Les blessés de guerre qui n'avaient encore jamais été soumis à l'examen radiologique, craignaient, en général, cet examen et demandaient si on les ferait souffrir. Il fallait parfois les rassurer et leur promettre qu'ils ne souffriraient pas plus que d'une photographie. Plus tard, quand l'usage de la radiologie fût généralisé, beaucoup d'entre eux étaient déjà familiarisés avec les rayons. Pourtant, jusqu'à la fin de la guerre, il m'est arrivé de voir des soldats blessés qui n'avaient encore jamais subi d'examen radiologique et qui demandaient avec inquiétude ce qu'ils avaient à craindre de ces appareils à l'aspect inusité.

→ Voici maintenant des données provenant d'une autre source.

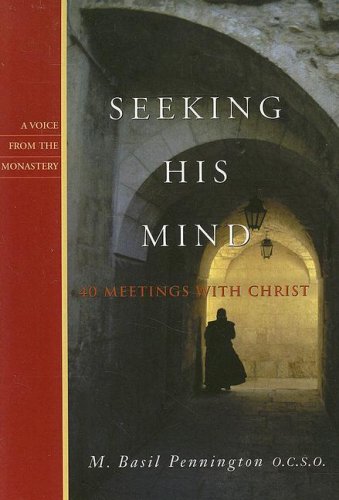 Seeking His Mind: 40 Meetings With Christ (A Voice from the Monastery)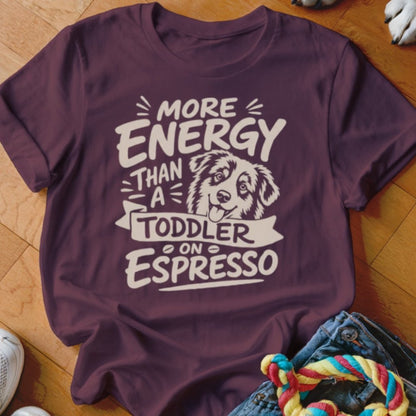 More Energy Than A Toddler On Espresso Shirt - The Pawsitive Initiative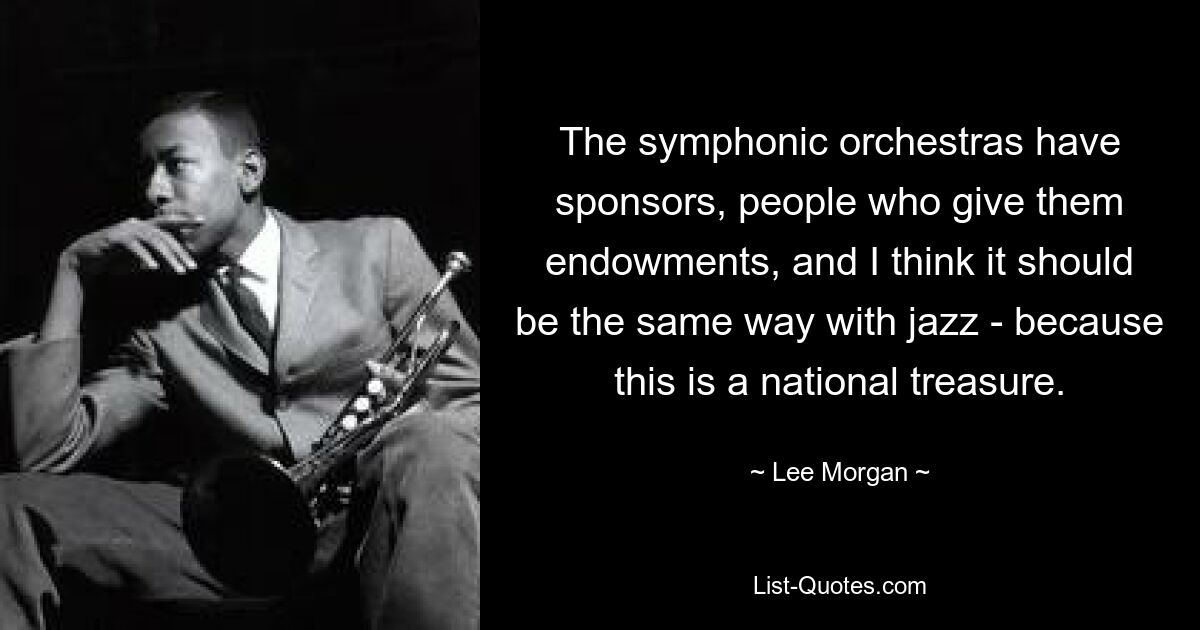 The symphonic orchestras have sponsors, people who give them endowments, and I think it should be the same way with jazz - because this is a national treasure. — © Lee Morgan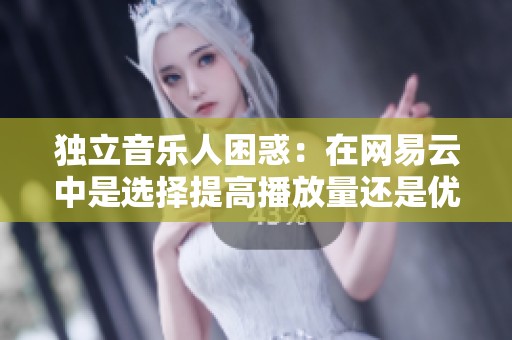 独立音乐人困惑:在网易云中是选择提高播放量还是优化内容运营更具回报? 独立音乐人困惑:在网易云中是选择提高播放量还是优化内容运营更具回报?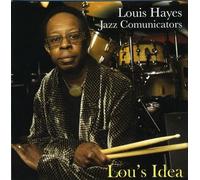 Louis Hayes Jazz Com - Lou S Idea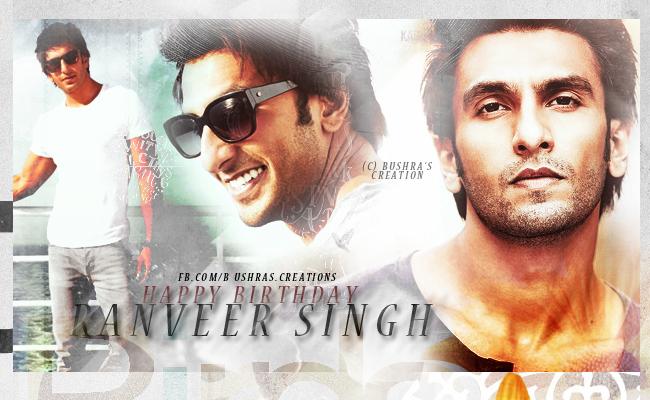 Happy Birthday Ranveer Singh plz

[1] Tel est le cas de la fracture dite «des chauffeurs»; fracture du poignet par retour de manivelle.
[2] Sur la même plaque, on obtenait deux épreuves pour deux positions de l'ampoule au-dessus de la table d'opération. Les pieds des verticales abaissées sur la plaque de chacune des deux positions du foyer de l'ampoule, étaient marqués par des repères reproduits dans la radiographie. De plus, on avait soin de radiographier sur la même plaque trois repères placés en des points marqués sur la peau, choisis de préférence sur des saillies osseuses. La plaque développée offre deux images du projectile et deux images de chacun des trois repères. Par une construction géométrique simple, on détermine sur la plaque la projection horizontale du projectile et de chaque repère. On calcule ensuite par le déplacement de chaque image, la hauteur du projectile et de chaque repère au-dessus de la plaque. On peut alors régler le compas de manière que ses trois pointes reposent sur les trois repères et qu'une aiguille indicatrice se dirige vers le projectile. La planche XIV représente un cliché Hirtz avec la construction géométrique. L'image du compas est vue dans la planche XV.
[3] Au-dessous du compas de Hirtz on voit dans la planche XV l'image d'un compas très simple destiné à opérer par la radioscopie et plus spécialement par la méthode des axes. Il est construit et réglé de telle manière que quand deux pointes A et B reposent sur les extrémités d'un des axes, l'aiguille se dirige vers le projectile (compas Debierne).
[4] La protection peut être rendue encore plus efficace, dans certains cas, grâce à des dispositifs spéciaux. Ainsi, en vue d'opérations sous le contrôle, l'ampoule est parfois placée dans une boîte à paroi de plomb, munie d'un orifice pour la sortie des rayons.
[V]
PERSONNEL RADIOLOGIQUE
Je crois avoir fait comprendre dans les chapitres précédents la valeur des méthodes de la radiologie de guerre. J'ai exposé aussi le rôle de l'outillage nécessaire pour l'application de ces méthodes. Il convient maintenant d'aborder une question d'importance fondamentale, qui est celle du personnel radiologique.
Quelle que soit la valeur de l'appareillage et des méthodes, c'est du personnel chargé de leur utilisation que dépend, en définitive, le rendement efficace. L'appareillage radiologique doit être manié par des mains expertes, et les méthodes doivent être appliquées avec intelligence; sinon, les résultats ne répondent, en aucune manière, au but à atteindre. Autrement dit, la radiologie est un métier, que l'on ne peut exercer sans l'avoir appris.